Rainer Seele, chairman of Wintershall Holding GMBH, said the German firm would continue to develop Russian gas supplies with OAO Gazprom and examine shale gas opportunities in Argentina. “Russia has abundant resources, export capacity, and competitive prices which will continue to make it a strong supplier of gas to Europe,” he said.
“I do not expect large-scale gas production in Europe this decade,” Seele continued. “The resources are less than in the US, the population density is greater, and the drilling and production costs are higher.” Others at the conference weren’t ready to dismiss Europe’s shale gas potential. Individual countries’ policies range from a moratorium in France to strong interest in Poland and elsewhere, they told OGJ.

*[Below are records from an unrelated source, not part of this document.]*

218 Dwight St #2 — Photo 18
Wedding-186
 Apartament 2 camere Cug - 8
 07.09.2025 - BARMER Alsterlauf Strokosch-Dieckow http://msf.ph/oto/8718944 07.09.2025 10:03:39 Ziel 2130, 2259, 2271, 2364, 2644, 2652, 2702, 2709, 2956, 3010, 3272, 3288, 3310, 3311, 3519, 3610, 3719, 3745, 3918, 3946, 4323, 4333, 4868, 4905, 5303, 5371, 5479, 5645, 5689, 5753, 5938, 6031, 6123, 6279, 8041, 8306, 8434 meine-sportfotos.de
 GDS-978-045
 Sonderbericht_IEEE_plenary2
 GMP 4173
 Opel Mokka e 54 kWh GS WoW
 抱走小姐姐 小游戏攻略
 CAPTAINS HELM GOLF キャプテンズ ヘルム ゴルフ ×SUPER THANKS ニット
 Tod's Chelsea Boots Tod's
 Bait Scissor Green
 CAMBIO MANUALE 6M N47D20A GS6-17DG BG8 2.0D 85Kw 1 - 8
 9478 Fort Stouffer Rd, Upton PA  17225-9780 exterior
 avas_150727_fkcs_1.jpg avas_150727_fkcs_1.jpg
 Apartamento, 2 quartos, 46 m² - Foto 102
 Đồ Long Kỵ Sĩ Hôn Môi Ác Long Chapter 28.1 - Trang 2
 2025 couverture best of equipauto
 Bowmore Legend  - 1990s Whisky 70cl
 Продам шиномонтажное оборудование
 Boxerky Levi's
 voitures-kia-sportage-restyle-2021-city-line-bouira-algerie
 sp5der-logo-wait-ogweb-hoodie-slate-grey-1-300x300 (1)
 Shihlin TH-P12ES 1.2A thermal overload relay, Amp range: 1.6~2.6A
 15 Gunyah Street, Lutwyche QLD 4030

US producers might find it very profitable to liquefy and export gas in the next decade, but not for much longer because overseas shale resources could still be developed, observed Gary Adams, vice-chairman of Deloitte’s US oil and gas practice. “Companies which operate in shale plays will need to be super-efficient,” he said during a press conference. “The ones which are focused only on gas will need to be lean and mean. Otherwise, they’ll be acquired or merged.”
Private financing’s role
Depressed US prices are hurting many producers’ cash flow, Lipschultz said. “Private financing can help bridge the gap and allow production from leases which otherwise might be deferred or formation of joint ventures to consolidate resources to improve economics,” he said. “The challenges we face will need to be solved by people sitting together to solve problems. You have spent your careers developing skills to produce oil and gas. We’ve spent ours learning how to mobilize capital and deploy it to maximize financial returns.”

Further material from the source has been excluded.